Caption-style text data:
<<<<
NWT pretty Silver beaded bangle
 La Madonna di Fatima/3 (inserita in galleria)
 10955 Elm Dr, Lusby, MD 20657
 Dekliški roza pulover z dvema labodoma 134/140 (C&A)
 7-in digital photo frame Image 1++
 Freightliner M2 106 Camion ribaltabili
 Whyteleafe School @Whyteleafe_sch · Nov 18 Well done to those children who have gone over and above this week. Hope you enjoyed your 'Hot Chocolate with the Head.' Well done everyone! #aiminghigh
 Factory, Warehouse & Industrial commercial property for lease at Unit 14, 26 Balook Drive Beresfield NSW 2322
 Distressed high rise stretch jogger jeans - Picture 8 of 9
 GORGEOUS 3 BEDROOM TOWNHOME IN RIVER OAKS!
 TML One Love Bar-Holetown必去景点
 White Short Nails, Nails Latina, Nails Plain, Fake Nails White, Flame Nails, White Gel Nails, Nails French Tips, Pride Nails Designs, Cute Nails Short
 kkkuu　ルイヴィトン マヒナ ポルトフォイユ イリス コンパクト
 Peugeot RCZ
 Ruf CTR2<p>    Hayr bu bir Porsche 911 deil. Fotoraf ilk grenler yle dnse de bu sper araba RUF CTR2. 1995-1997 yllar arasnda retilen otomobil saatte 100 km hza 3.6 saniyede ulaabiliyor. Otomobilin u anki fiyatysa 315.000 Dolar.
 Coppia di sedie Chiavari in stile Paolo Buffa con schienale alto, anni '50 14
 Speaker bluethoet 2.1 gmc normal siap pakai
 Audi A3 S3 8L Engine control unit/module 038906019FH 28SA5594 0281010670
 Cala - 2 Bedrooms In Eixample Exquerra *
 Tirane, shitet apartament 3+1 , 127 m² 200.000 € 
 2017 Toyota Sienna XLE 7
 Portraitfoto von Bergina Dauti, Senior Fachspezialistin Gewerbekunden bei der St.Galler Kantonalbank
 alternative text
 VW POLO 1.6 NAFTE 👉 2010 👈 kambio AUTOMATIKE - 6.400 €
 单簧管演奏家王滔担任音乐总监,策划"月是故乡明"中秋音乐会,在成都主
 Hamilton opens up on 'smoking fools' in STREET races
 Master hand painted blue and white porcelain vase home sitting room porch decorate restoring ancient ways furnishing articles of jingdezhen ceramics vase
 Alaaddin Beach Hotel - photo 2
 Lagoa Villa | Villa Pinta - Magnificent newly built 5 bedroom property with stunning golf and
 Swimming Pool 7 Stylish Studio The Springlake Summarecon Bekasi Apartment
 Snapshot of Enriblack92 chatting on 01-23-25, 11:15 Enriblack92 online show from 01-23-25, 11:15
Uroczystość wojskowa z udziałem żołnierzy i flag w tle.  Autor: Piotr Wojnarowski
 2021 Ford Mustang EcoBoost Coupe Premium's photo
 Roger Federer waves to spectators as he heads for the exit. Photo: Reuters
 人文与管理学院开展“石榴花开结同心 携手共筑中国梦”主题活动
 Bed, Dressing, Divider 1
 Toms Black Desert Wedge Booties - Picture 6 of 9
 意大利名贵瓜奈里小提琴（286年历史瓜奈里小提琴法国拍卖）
>>>>
Task objective = Scan the lines above for "alternative text" and for "Lagoa Villa |". Repeat exactly the line holding each of them and every line in between.

Exercise result =
 alternative text
 VW POLO 1.6 NAFTE 👉 2010 👈 kambio AUTOMATIKE - 6.400 €
 单簧管演奏家王滔担任音乐总监,策划"月是故乡明"中秋音乐会,在成都主
 Hamilton opens up on 'smoking fools' in STREET races
 Master hand painted blue and white porcelain vase home sitting room porch decorate restoring ancient ways furnishing articles of jingdezhen ceramics vase
 Alaaddin Beach Hotel - photo 2
 Lagoa Villa | Villa Pinta - Magnificent newly built 5 bedroom property with stunning golf and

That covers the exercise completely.